Cuore di atleta e salute
Prima di parlare del "cuore d'atleta" e delle modificazioni che avvengono al nostro cuore dopo allenamento continuo e costante, vediamo insieme di analizzare gli aspetti dell'anatomia del cuore. Il cuore è un organo muscolare contrattile e irrorato da dei vasi che si chiamano arterie coronarie.

Il cuore composto da quattro cavità:
· L'altro destro che riceve il sangue è venoso desaturato che proviene dalla periferia del corpo.
· Il ventricolo destro che porta questo sangue venoso verso polmoni dove sarà ossigenato.
· L'altro sinistro che riceve il sangue ossigenato proveniente dai polmoni.
· Il ventricolo sinistro che porta il sangue ossigenato alla periferia del corpo.

Ogni cavitá è separata da valvole cardiache, che impediscono che il sangue torni indietro:
· La valvola tricuspide che è situata tra l'atrio destro ed il ventricolo destro.
· La valvola polmonare che è situata tra il ventricolo destro e l'arteria polmonare, che porta il sangue ai polmoni.
· La valvola mitrale che è situata tra l'atrio ed il ventricolo sinistri.
· La valvola aortica che è situata tra il ventricolo sinistro e l'aorta, che porta il sangue alla periferia del corpo. Le cavità cardiache destra e sinistre sono separate a loro volta da dei setti che si chiamano setto interatriale e setto interventricolare. Il cuore è l'organo principale dell'apparato circolatorio composto da una pompa, il cuore, e da tubi, i vasi sanguigni (arterie, vene, capillari, linfatici), distribuiti in ogni parte ed organo del corpo umano. La circolazione sanguigna ci consente di portare a ciascuna cellula del nostro organismo l'ossigeno e le sostanze nutritive: aminoacidi, zuccheri, grassi. Il cuore è un muscolo cavo che si contrae spontaneamente e ritmicamente e, con tali contrazioni, attraverso un sistema di valvole, assicura la progressione del sangue in due circuiti, detti circolo polmonare o piccola circolazione e circolo sistemico o grande circolazione.

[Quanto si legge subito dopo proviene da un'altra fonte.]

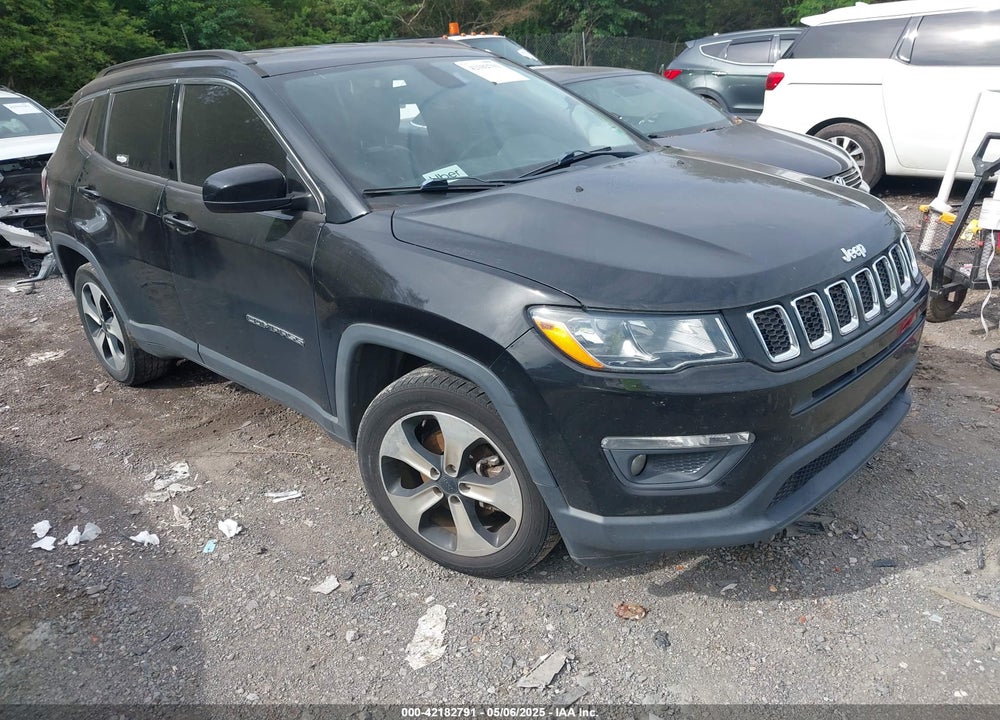 2018 JEEP COMPASS LATITUDE FWD VIN: 3C4NJCBB8JT124640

La piccola circolazione trasporta sangue venoso, ricco di anidride carbonica, dal cuore ai polmoni, dove il sangue viene purificato e riportato al cuore ossigenato. Dal cuore a sua volta parte la grande circolazione che porta il sangue arterioso all'organismo per cedere l'ossigeno e riempirsi di anidride carbonica, quindi ritornare al cuore come sangue venoso per entrare nel piccolo circolo e purificarsi. All'interno del cuore il sangue ossigenato arterioso non si mescola con il sangue venoso, ricco di anidride carbonica. Se si taglia il cuore longitudinalmente lo si vedrà diviso in due parti da un setto verticale: una parte destra o cuore venoso perché contiene il sangue venoso, l'altra sinistra o cuore arterioso che contiene il sangue ossigenato. Le due cavità superiori si chiamano atri, quelle inferiori ventricoli.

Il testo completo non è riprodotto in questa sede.